— Problem details —
Without the pictures, return each record as it appears.

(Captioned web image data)
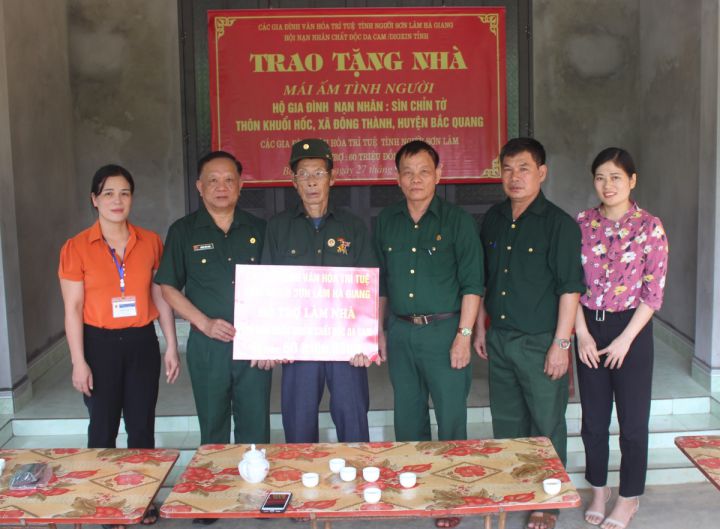 Hà Giang: Trao tặng nhà “Mái ấm tình người” cho nạn nhân chất độc da cam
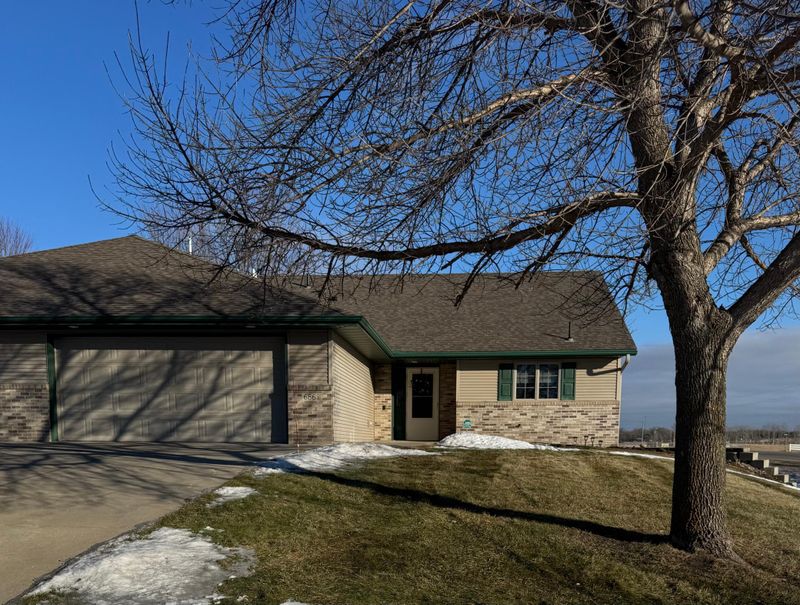 686 W River Dr, New London, MN 56273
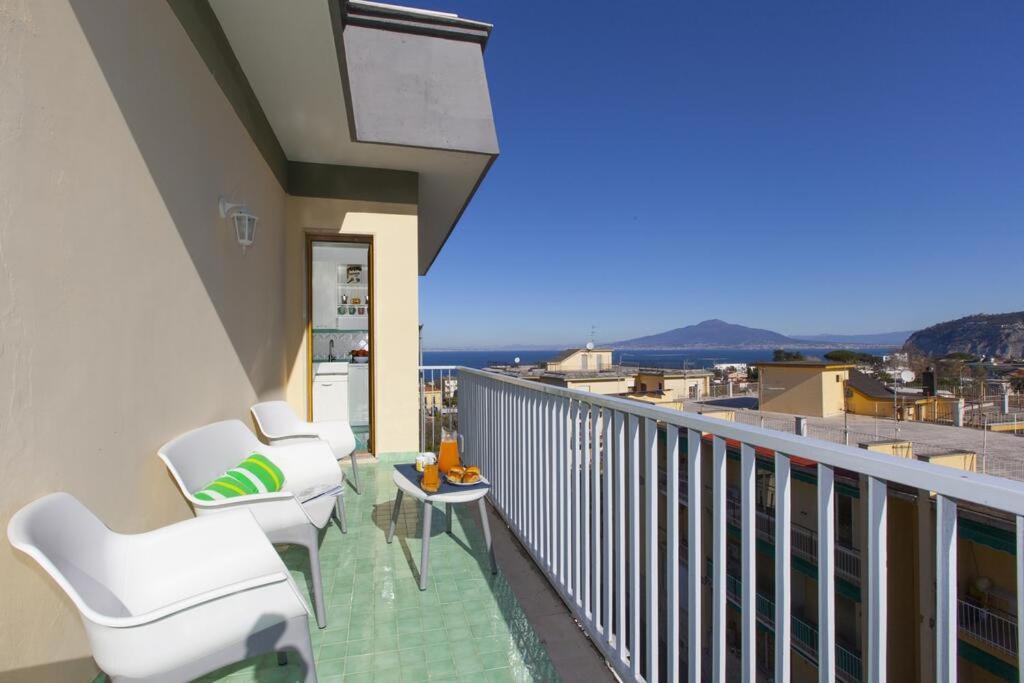 소렌토 Super Attico Vista Mare Con Piscina 아파트 외부 사진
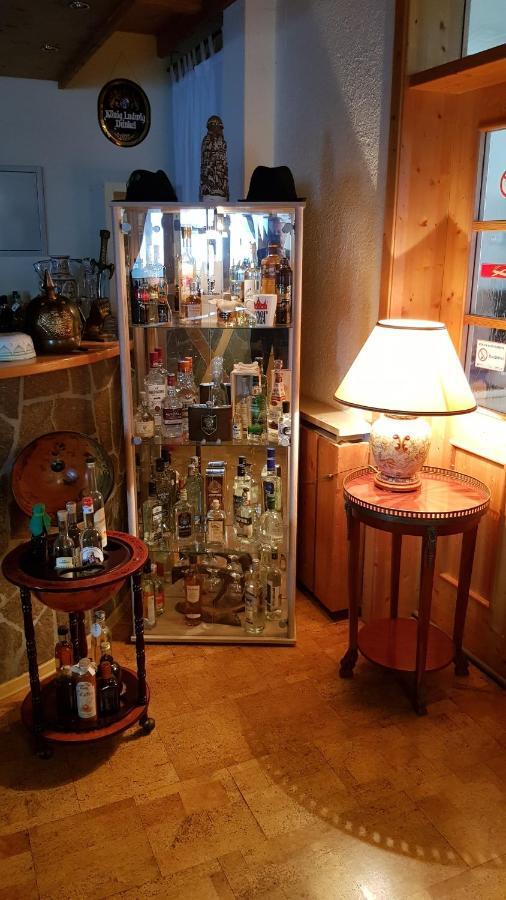 Landgasthof Frankentor Wasserlosen エクステリア 写真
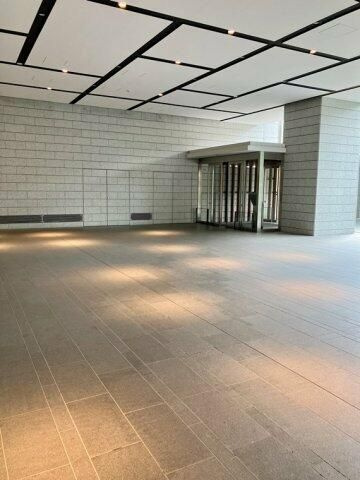イーストゲートスクエアのロビー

— Expected output —
 Hà Giang: Trao tặng nhà “Mái ấm tình người” cho nạn nhân chất độc da cam
 686 W River Dr, New London, MN 56273
 소렌토 Super Attico Vista Mare Con Piscina 아파트 외부 사진
 Landgasthof Frankentor Wasserlosen エクステリア 写真
イーストゲートスクエアのロビー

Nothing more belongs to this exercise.